THE delivery of the verdict in the High Court trial of a former security guard accused of having murdered his two children by cutting their throats has been shifted to November.
The judgement in the trial of ex-security officer Jonas Penovanhu Shinana (34) was scheduled to be handed down in the Windhoek High Court on Friday, but was postponed to 24 November after judge Nate Ndauendapo indicated his verdict was not yet ready.
Shinana is accused of having murdered his six-year-old son, Matheus Shinana, and three-year-old daughter, Emilia Naatye Shinana, in Wanaheda in Windhoek during the night of 23 to 24 December 2009.
The two children died in the house where Shinana lived after their throats had been slit.
When they were discovered dead on a bloody crime scene on the morning of 24 December 2009, Shinana was found lying next to them on a mattress with a piece of rope around his neck, after he had apparently made a failed attempt to hang himself, judge Ndauendapo has been told during Shinana's long-running trial.
Shinana denied guilt on two counts of murder, read with the provisions of the Combating of Domestic Violence Act, when his trial began in February 2014.

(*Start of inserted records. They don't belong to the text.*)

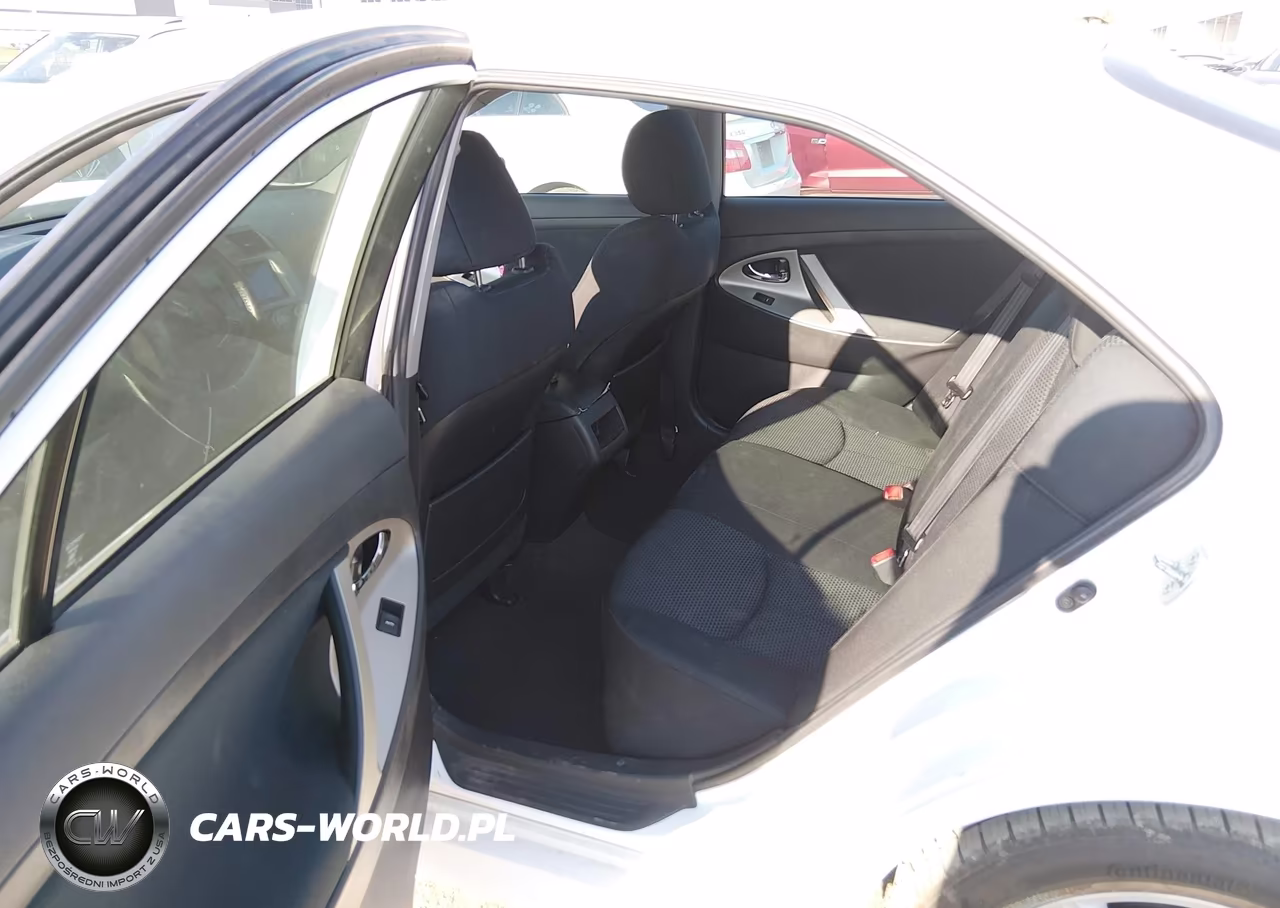 2011 Toyota Camry Se VIN:4T1BF3EK4BU662237 - 7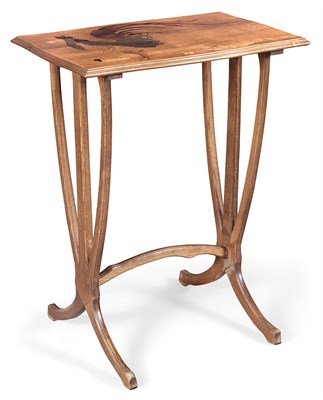 Lot 239 - Emile Gallé French, 1846-1904 Art Nouveau...
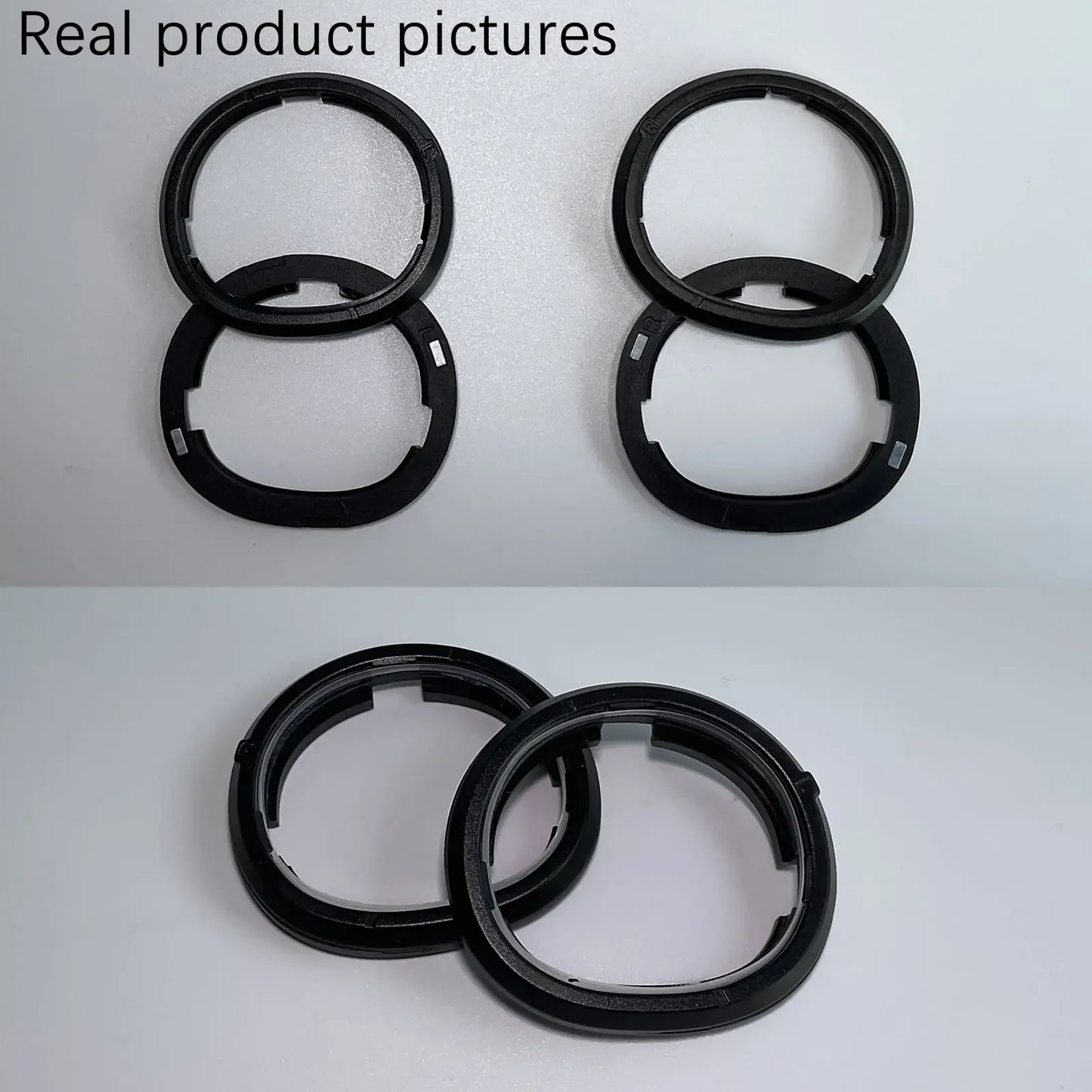 Magnetic Eyeglass Frame for Quest 3 Prescription Lenses Anti Blue Myopia Lens VR Glasses Optics Lens Replacement Accessories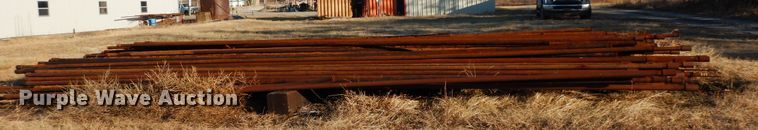 image for item GK9597 (20) oilfield pipes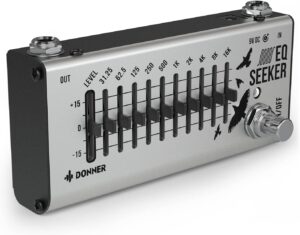 Donner EQ Pedal
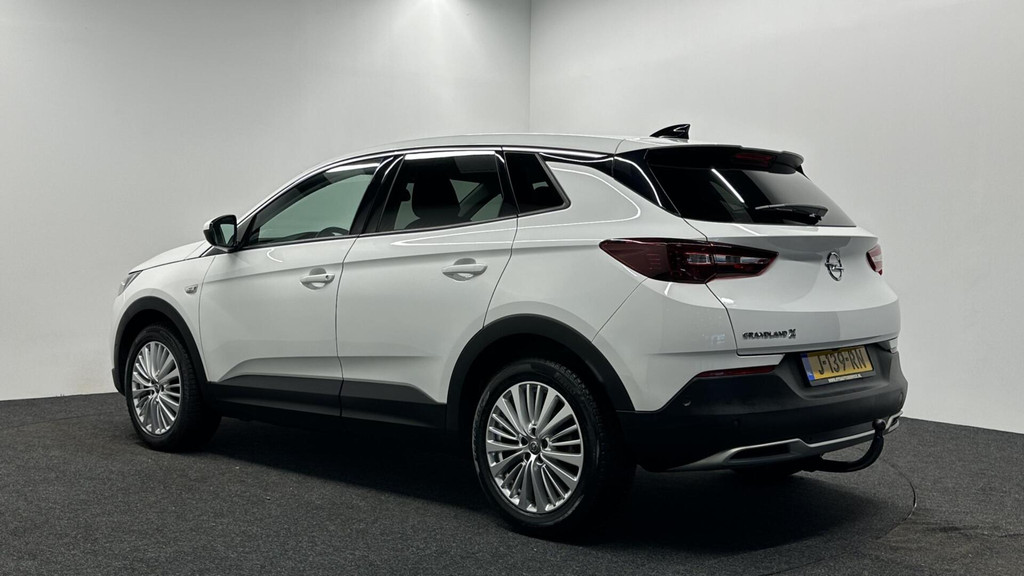 Opel Grandland X (J139RN) met abonnement
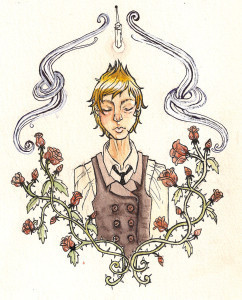 Joel Britton by Anna Rose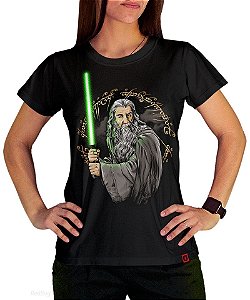 Camiseta Mago Jedi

Judge Ndauendapo ruled in March this year that the prosecution could use a self-incriminating statement made by Shinana to a police officer following his arrest as evidence in the trial.
In the statement, which Shinana subsequently denied he made, he allegedly related that he had gone to fetch the children on 23 December 2009 after their mother had left them with her sister in Windhoek three days earlier.
The police officer also recorded that Shinana said he woke up around 03h00 on the morning of 24 December 2009. He allegedly said he did not know what happened to him, but that he was worried about his children suffering and then "took the knife and committed such offence and I wanted to kill myself but I failed".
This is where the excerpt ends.